Neighborhood walking: Math street art near the Dutch Goose

by Linda Hubbard on April 7, 2020

Menlo Park resident Cindy Tipton tipped us about this math art in front of math expert Paula Hamilton’s house near the Dutch Goose. Paula explained the project:

“We created the math street art this past Monday. We’ve so enjoyed everyone else’s street and sidewalk designs and wanted to contribute to the community in a mathy way.

“Last week (prior to virtual spring break), I did brainstorming with my 6th grade virtual math enrichment class, asking them to think about holding a party for 19 people where everyone had to be six feet apart from each other. Their challenge was to come up with the design that used the least amount of area while still maintaining social distancing. The regular hexagon on the street has an area of 216 x root(3) (about 374) feet squared.

“All of the students had great ideas. There were ideas of aligning people in rectangular, square, and circular formats. One student in class came up with a design that used a smaller area than the hexagonal street design. She suggested we line up everyone in a straight line, 6 feet apart from each other. Since people would be on a straight line, you could perhaps decide the straight-line party would have an area of 0 feet squared.

“However, we decided that people do have a width associated with them so we’d really be calculating the area of a long narrow rectangle with dimensions of 18 intervals x 6 ft long x 2 ft wide = 216 feet squared. While we liked the minimal area of the rectangular design, we decided it wouldn’t be a very social party if you could only talk to the person next to you in the straight line design.

“I then shared the hexagonal design and we had interesting discussions about which point you’d want to be located at on the design, how would you ‘people load’ the design while practicing social distancing and how could you rotate points during the party to allow for more people connections.

I’m attaching the Geogebra model (above right) we designed to help us with our street creation. My 12th grade son (sheltering in place with us) helped me with the street art. We had a great time putting this out there along with our message: “After shelter in place, a map for a 19 person 6 ft party.” It probably took us more time to write the message than it took for us to map out the hexagon.

“We’re looking forward to having a party on the design when we’re able to be social again. In the meantime, it’s great to stand on one of the intersection points and get a true feel for how far 6 feet is from you (each intersection point is 6 feet away from any adjacent intersection points).”

Footnote: A reminder that if you do walk by and “test drive” Paula’s street art, do so only with people from your own household per Dr. Scott Morrow’s directive on March 31st which prohibits contact with anyone who isn’t in your household.
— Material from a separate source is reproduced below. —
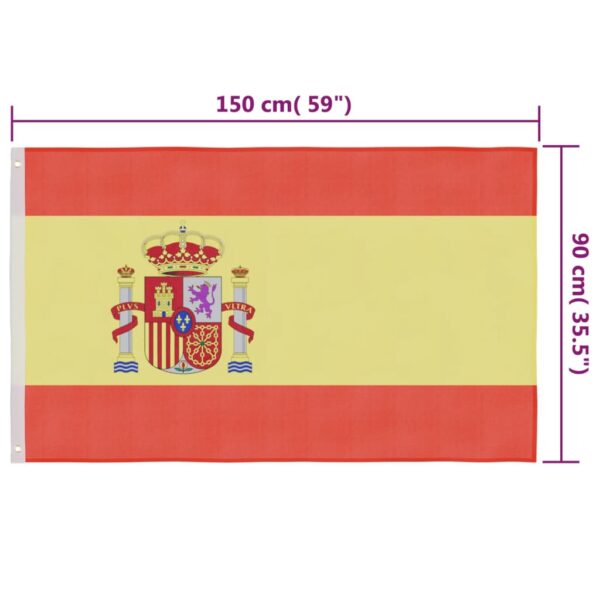 Spaniens flagga 90x150 cm - Bild 5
Photo by Cindy Tipton (c) 2020


Michelle Julian April 09, 2020 at 10:55 am

This is awesome! I’d love to try it with my 7th graders. I can’t find the GeoGebra model. Could someone send it to me?

Roberta Morris April 10, 2020 at 11:44 am

A big thank you to Paula – and also to Linda and Cindy. We’ve passed this a few times on our neighborhood walks and smiled and studied each time. I tried to take a photo, too, but it was near sunset. Cindy’s photo is beautiful.